Milk is an excellent source of highly bioavailable calcium, of which we require 1 000 mg a day to ensure optimal bone strength during all life stages. The amount of calcium in a food or beverage and its bioavailability and absorbability are all vitally important for human health. Lactose, casein, and phosphopeptides are all found in cow’s milk and they all promote calcium absorption. The human gut can rapidly absorb 30% to 35% of the calcium in cow’s milk.

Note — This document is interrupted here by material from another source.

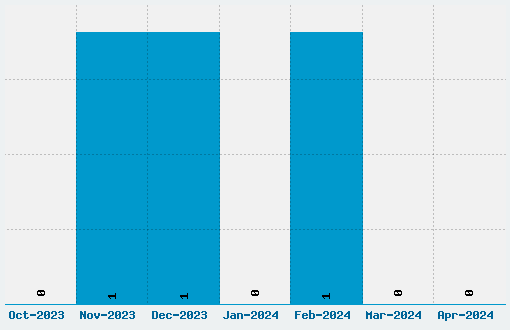 RugBats Font Download Stats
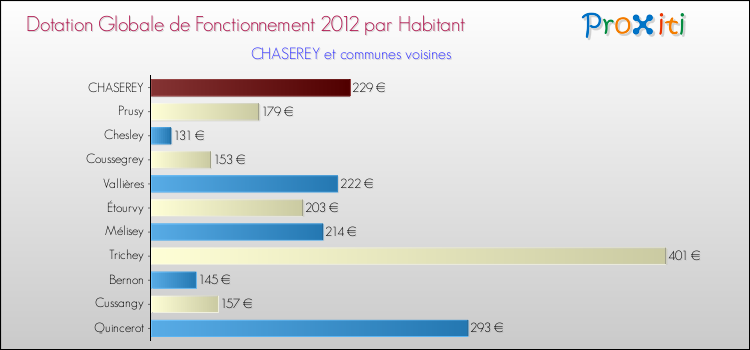 Montant des dotations globales de fonctionnement DGF par Habitant pour CHASEREY et les communes proches Comparaison des des dotations globales de fonctionnement DGF par habitant pour CHASEREY et les communes voisines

 Plant-based beverages may well contain equal amounts of calcium. However, they are all fortified with either calcium tri-phosphates or calcium carbonate and may contain chemical compounds that inhibit calcium absorption, e.g. oxalates (nuts and beans) and phytates (beans, seeds, nuts, soy isolates and high-fibre whole grains, e.g. oats). Oxalates and phytates bind to calcium and form insoluble compounds, which are difficult to absorb. Regrettably, the human body only absorbs about 5% of the calcium in plant foods. Consequently, individuals who depend on plant sources for their calcium intake, have to eat very large quantities of such foods to obtain sufficient calcium for their body’s requirements, or take supplements. The calcium in one glass (250 ml) of milk is equivalent to 23 almonds, two cups of cooked spinach, three cups of beans or seven cups of cooked broccoli.

Plant-based beverages should preferably not be used as complete milk replacements because it differs substantially in its nutrient composition. However, a plant-based diet together with cow’s milk and dairy can be highly beneficial and deserves to be considered as a solution to providing a sustainable diet for the growing human population.